Amid this inane monotony, for which I paid $11, I began to notice Emily Blunt. Why? She was acting, and struggling to urge life and sentiment into this shooting gallery. She plays a young single mother, with an odd son (Pierce Gagnon, the best thing in the picture), and she lives in a rundown house on the prairie on the edge of a blasted corn field. She is tough yet gentle, and she takes JG-L to her bed, a gesture that only leaves the bed needing to be made next morning (and guess who is expected to do that). But she is appealing and human, things for which you can get shot in Looper.

So I thought of Emily Blunt, and I then I started to think of Emma Watson and Linda Hamilton. (You have to do something during a film like Looper). Emily Blunt is 29 and for a few years now she has been so smart and funny and desirable in big supporting parts—Charlie Wilson’s WarYour Sister’s SisterThe Adjustment BureauThe Devil Wears Prada—that you have to say, “Give her a big lead part in a great comedy—quick.” Alas, her big part came in The Young Victoria, which was not a comedy. Now she is 29, which comes just before 30, which precedes 40. Plenty of time, you say?
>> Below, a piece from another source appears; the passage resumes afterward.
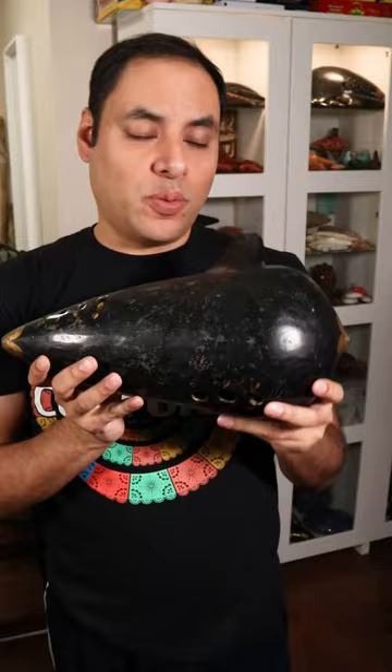These ocarinas are so massive they can barely fit in my hands. This is a D20 ocarina by the Austrian maker Heinrich Fain. It's about a hundred years old and it weighs about five pounds.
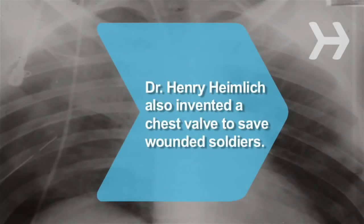Did you know? Besides inventing the famous abdominal maneuver, Dr. Henry Heimlich also invented a chest valve that saved thousands of wounded soldiers in Vietnam.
But only for the girl parts in manly films, and only for as long as Emma Watson is moving from 22 to 29. You know Watson; you have grown up with her. She was Hermione in all the Harry Potter films and now a substantial campaign is going on to suggest that she is an English beauty and a sly sexpot, with great wit. The Internet is crowded with photo-shoots of her where she looks as pretty, sharp, and minor as her jilted girlfriend to the hero in My Week with Marilyn. I don’t think she’s got the stuff for a big career, or even the roles Emily Blunt has handled. But soon enough we’ll see Watson in leather and with guns nearly as big as she is. The system has decided that she could go all the way.
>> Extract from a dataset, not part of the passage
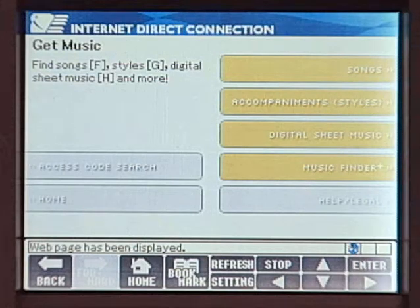The other service is data downloading. You can download directories of Music Finder data, reference performance data, and new styles.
Then there is Linda Hamilton, who was 56 a week ago. That’s how I noticed her: She was a birthday person on IMDb. You may have forgotten Hamilton, but as Sarah Conner in the two Terminator films she was more memorable and special than either Blunt or Watson have managed yet. She was the mother protecting her son, who might become a brave resistance leader in the terrible future. That was a story about time, too, and I’m sure it’s one of the influences behind Looper. But the Terminator films were James Cameron and Arnold, if you recall, and Linda Hamilton, while some way from being a beauty, delivered a ferocity and a strength of will that was memorable (if you actually remember her). Cameron was so inspired that he married her for about a year-and-a-half and was able to give her a sustaining settlement when divorce followed. Since then, Linda Hamilton has done not very much of note, but she says she is happy.
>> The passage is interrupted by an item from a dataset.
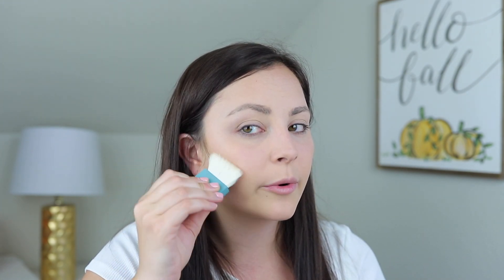Next I'm going in with the Benefit Cosmetics Hoola Lite bronzer. They first sent it to me when it launched and I remember thinking it was a joke - it matches my skin tone, it's so pale. But after applying it I literally hit pan on my other one because I use it every single day. I feel like it gives the nicest wash of color and kind of acts as a soft contour without being too intense. The texture is so smooth it makes my skin look flawless.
This Watson-Blunt-Hamilton sequence seems to me a more interesting loop than anything in Looper. It suggests that being an actress with a lasting and worthwhile career is very hard and crazier than the young women can understand at first. I think Blunt is the most talented; I feel Hamilton has the greatest achievement; and I’m sure that she and Watson are secure and imprisoned by the money they have made by virtue of being cast in big hits and/or financially involved with the director. None of them is going to last like Bruce Willis, who is 57, worthy of lead billing, and so secure in the art of deadly staring that he may go on another 20 years given the right weapons. And he knows by now that in pictures weapons are far more easily obtained than scripts.

This is unfair on the actresses, but it is devastating for us, for it prolongs a Hollywood attitude (as vibrant in off-screen life as in on) that grizzled, inexpressive geezers with guns can go on for ever, absorbing every fresh generation of pretty women and taking advantage of them. It’s one reason why we have a crowd of actors 60 and more who coast in bad projects, unable to keep the acid of disenchantment out of their stares—think of Robert De Niro.

Emma Watson had her first kiss, her first glamour photo shoot. Emily Blunt has been stalwart in preferring good lines and strong scenes to body shots. And Linda Hamilton had a role for a couple of years so complete and demanding one hardly noticed what or how much she wore. And there are thousands waiting to be next for as long as they can manage.